L'intérim n'est pas un moyen d'insertion. Ce n'est pas une solution adaptée au marché de l'emploi et surtout aux besoins des entreprises, alors qu'elle s'inscrit parfaitement dans un droit du travail très rigide. Plus de flexibilité dans le droit du travail, réduirait la croissance du nombre d'intérimaires et permettrait de générer de la pérennité, de l'ambition, de l'évolution chez les employés. Je pense que nous dégagerions alors une vision de l'emploi plus positive en France.

Mais s'attaquer à l'Intérim en France fait peur car c'est le premier employeur. Ils ont 600 000 postes pourvus et par rapport à la masse salariale générale, l'Intérim a un pouvoir de pression importante sur les décideurs français et sur l'opinion.

Le second danger, vient de la décision de permettre aux agences d'Intérim de vendre du recrutement. Les chiffres sont là : dans le monde, le recrutement représente 1% du chiffre d'affaires du numéro un de l'Intérim. Ils utilisent donc l'image de marque du recrutement pour attirer des candidats que l'on retrouve dans les missions intérim et qui sortent ainsi du marché de l'emploi.

L'Intérim fait donc du recrutement une arme de conquête de candidats pour les rentrer dans un système intérimaire. Les candidatures dans le cadre de recrutements ne devraient pas pouvoir être exploitées par l'Intérim qui leur présente des missions comme pré-embauche, ce qui n'est presque jamais le cas. En ouvrant le marché du recrutement à l'Intérim, la France a encore nourri ce système.

Si le système de l'Intérim et du droit du travail n'est pas réformé, l'Intérim continuera à prendre des parts de marché et accentuera une véritable précarisation de l'emploi.

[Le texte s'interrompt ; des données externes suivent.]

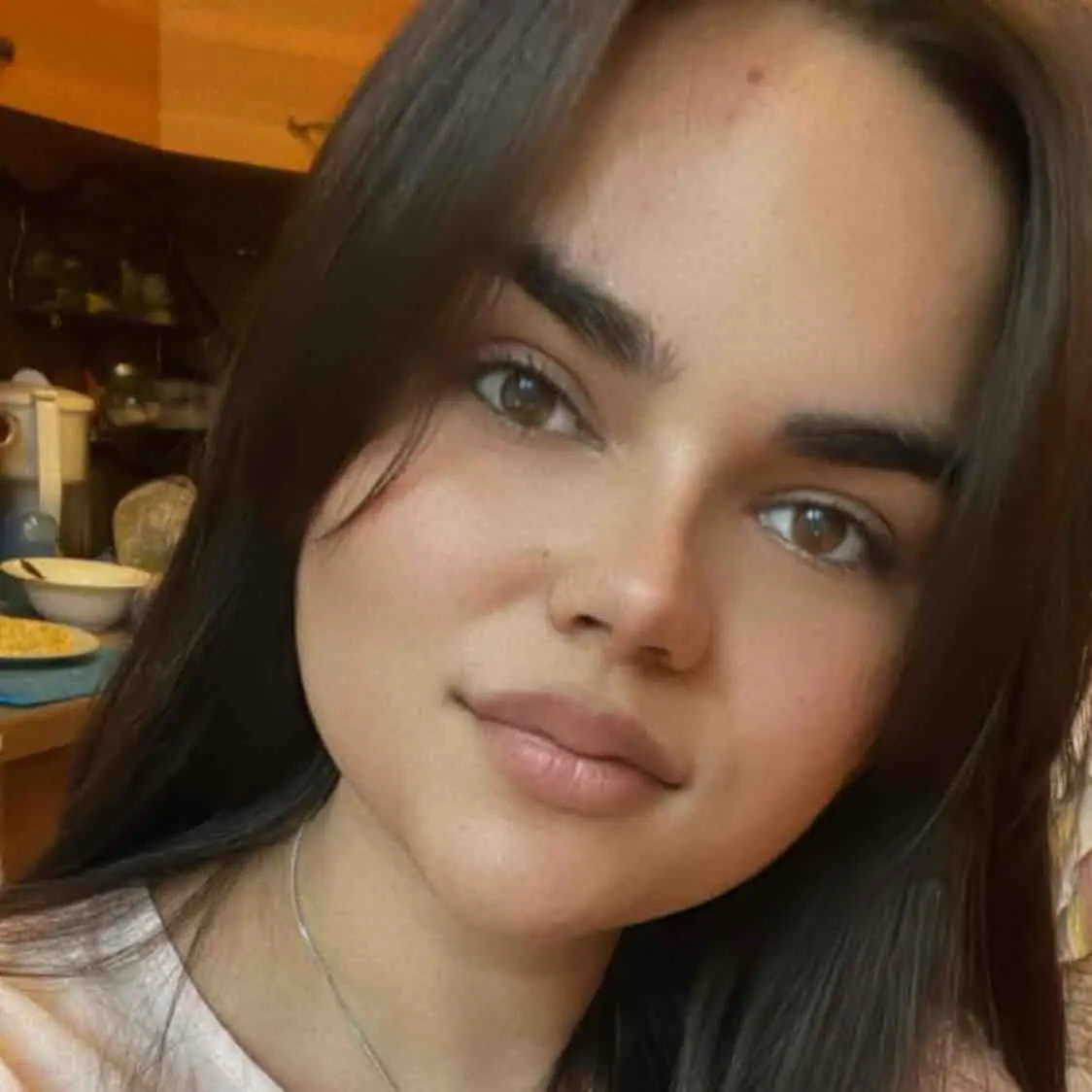 Анна Лебедева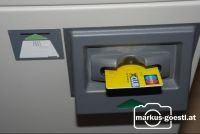 Kontoauszugsdrucker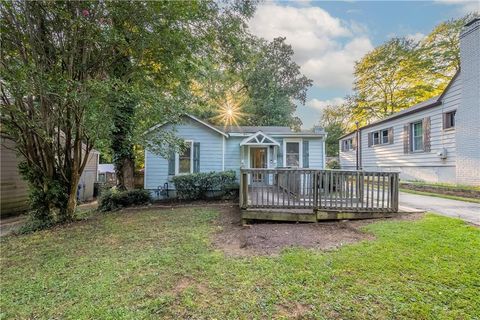 55 Wyman Street SE Atlanta GA 30317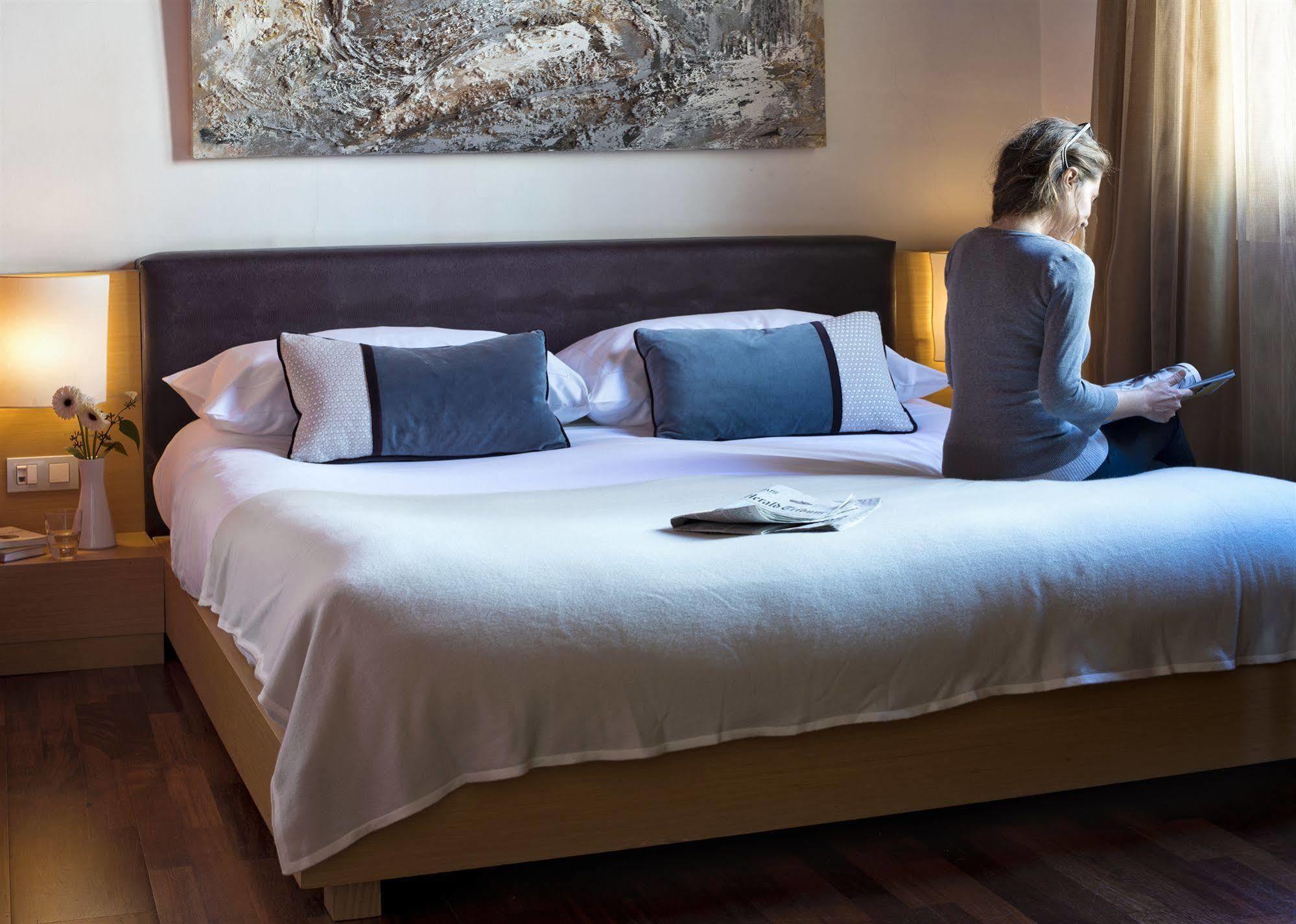 Mercer House Boria Bcn Barcelona Room photo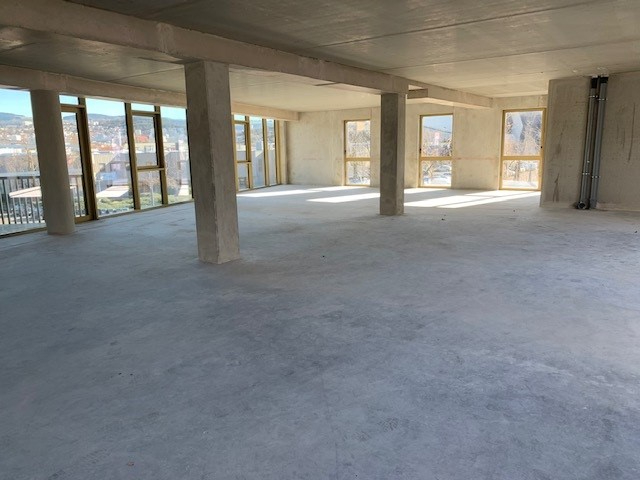 Photo Bureaux neufs 335m² Saint-Etienne image 2/2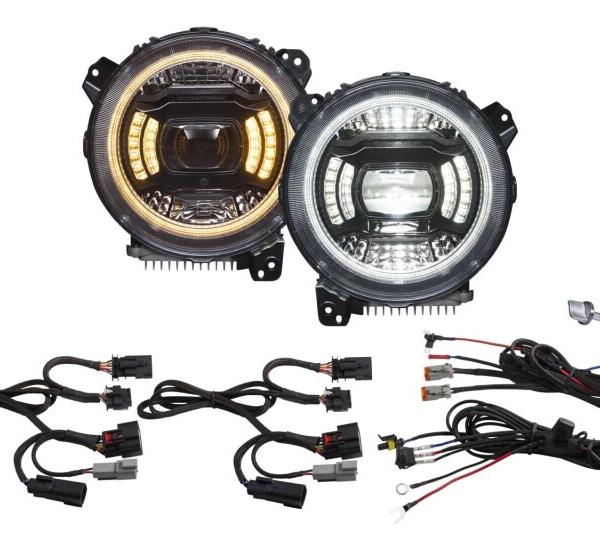 Diode Dynamics DD5165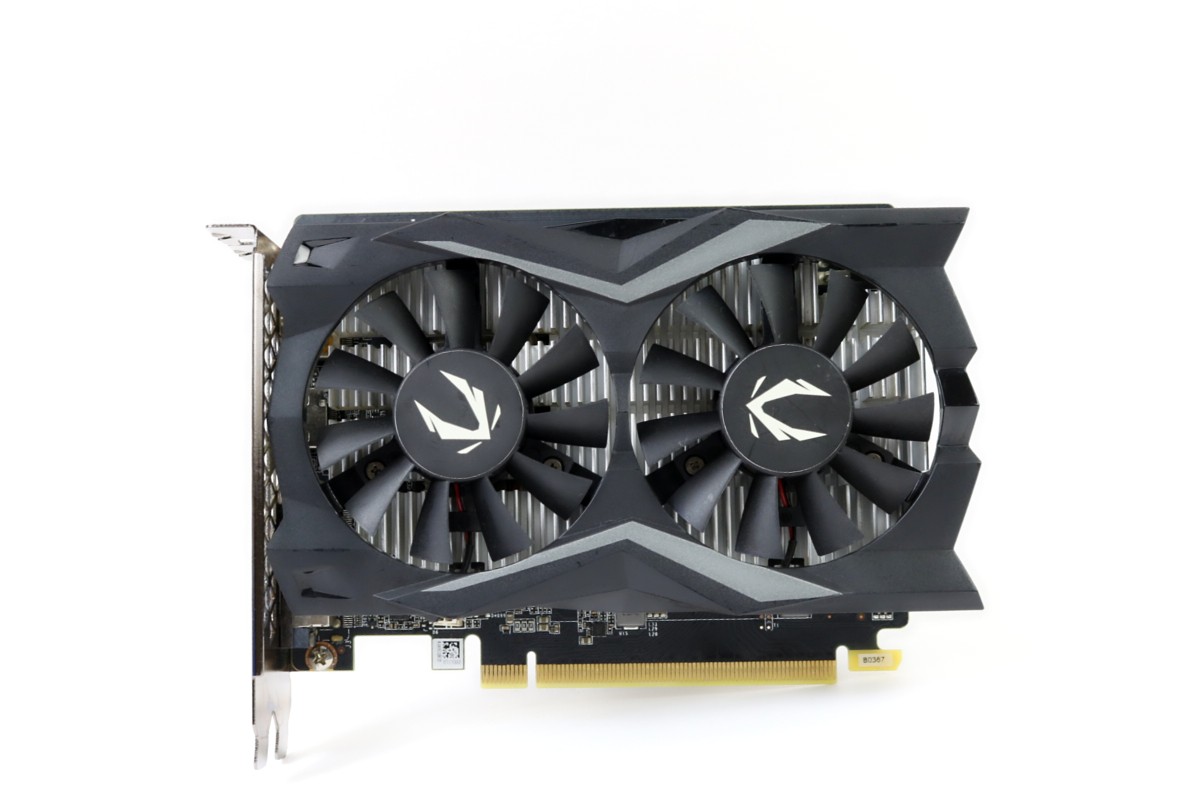 Zotac GeForce GTX 1650 Super 4GB Twin Fan ZT-T16510F-10L | 1yr Warranty, Fast...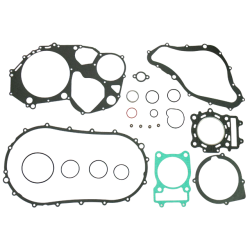 NAMURA KOMPLET USZCZELEK SUZUKI LT-F 500 QUADMASTER '00-'01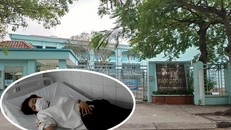 Bài 1: Hàng loạt sai phạm xảy ra tại trường “cô giáo uống thuốc tự tử” 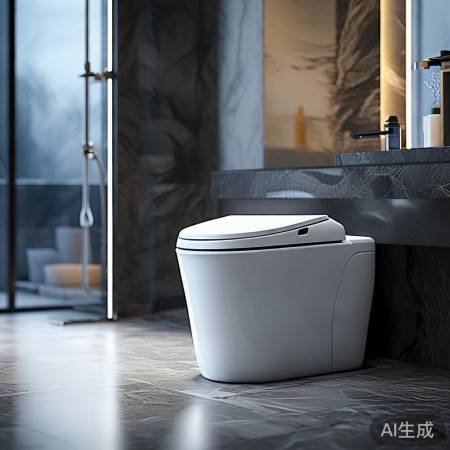 九牧智能马桶3350:体验高端智能生活新境界 九牧智能马桶3350:体验高端智能生活新境界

Les modalités du contrat de travail, l'accord à l'amiable, la rupture conventionnelle, toutes ces mesures qui normalement auraient dû permettre d'améliorer les conditions de licenciement entre les deux parties, sont encore méconnues et ne sont pas suffisantes à ce stade. Il faut aller encore plus loin, en interdisant globalement la requalification de CDD en CDI sans motif valable. Et ensuite, remettre l'intérim à sa place avec interdiction de faire de la pré-embauche et de se substituer à un CDD ou un CDI.

En ayant recours à l'Intérim, on précarise le système, on précarise l'emploi et on ne donne pas envie aux employés de se projeter et donc de s'investir. Ce sont là tous les dangers de ce système.